Operating income for the quarter was $129.3 million, compared to a loss of $238.1 million in the prior-year quarter, while excluding charges it was $142.3 million or 10.0% of sales, sharply up from $80.3 million or 5.5% of sales, in the year-ago quarter.

Capital expenditure for the quarter totaled $45.6 million, down from $35.7 million in the year-ago quarter. The company ended the fourth quarter with cash and cash equivalents of $278.3 million, compared to $275.4 million at end of the prior-year quarter.

Last month, Newell appointed Juan Figuereo as executive vice president and chief financial officer. Figuereo succeeded Patrick Robinson, who had announced his plan to retire from the position. Figuereo most recently served as executive vice president and finance chief of Cott Corp., Inc. (COT), a supplier of retailer-branded soft drinks. Prior to joining Cott, Figuereo served as vice president of mergers & acquisitions at Wal-Mart International (WMT).

Full-Year Highlights

For fiscal 2009, the company reported net income of $285.5 million or $0.97 per share, compared to a net loss was $52.3 million or $0.18 per share reported in fiscal 2008.

Excluding items, normalized earnings for the year grew to $369.3 million or $1.31 per share from $338.7 million or $1.21 per share in the previous year. Analysts expected the company to report earnings or $1.32 per share for fiscal 2009.

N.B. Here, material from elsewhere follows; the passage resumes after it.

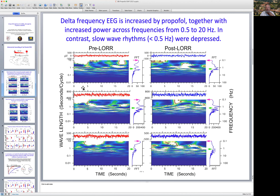As you can see, propofol produced the classic increase in delta frequency activity across animals, and also produced a marked depression of slow wave activity below half a hertz across animals as well. This is shown after loss of writing reflex and before loss of writing reflex.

Net sales for the full-year 2009 declined 13.8% to $5.58 billion from $6.47 billion in the full year 2008. The Street was looking for full-year 2009 revenues of 5.56 billion.

Looking Ahead.....

"The combination of top line sales stabilization and outstanding margin performance allowed us to ramp up strategic spending in the fourth quarter in order to drive growth in 2010. We look forward to capitalizing on the progress we've made in the implementation of our strategy as we enter 2010 with a stronger portfolio that is more responsive to consumer understanding, product innovation and brand marketing," Ketchum added.

For fiscal 2010, the company expects earnings in a range of $1.15 to $1.25 per share, and normalized earnings in the range of $1.35 to $1.45 per share, including an estimated $0.04 to $0.05 per share unfavorable currency impact. Analysts currently expect full-year 2010 earnings of $1.47 per share.

The company also projects core sales to increase in the low single digits in fiscal 2010, along with a 2% decline from planned product exits and a slightly positive impact from foreign currency. Gross margin is anticipated to improve 75 to 100 basis points, and capital expenditures are anticipated at about $160 million.

Stock Quote

NWL closed Thursday's regular trading session at $14.20, down $0.12 on a volume of 4.60 million shares, higher than the three-month average volume of 3.29 million shares. In the past 52-week period, the stock has been trading in a broad range of $4.51 to $16.10.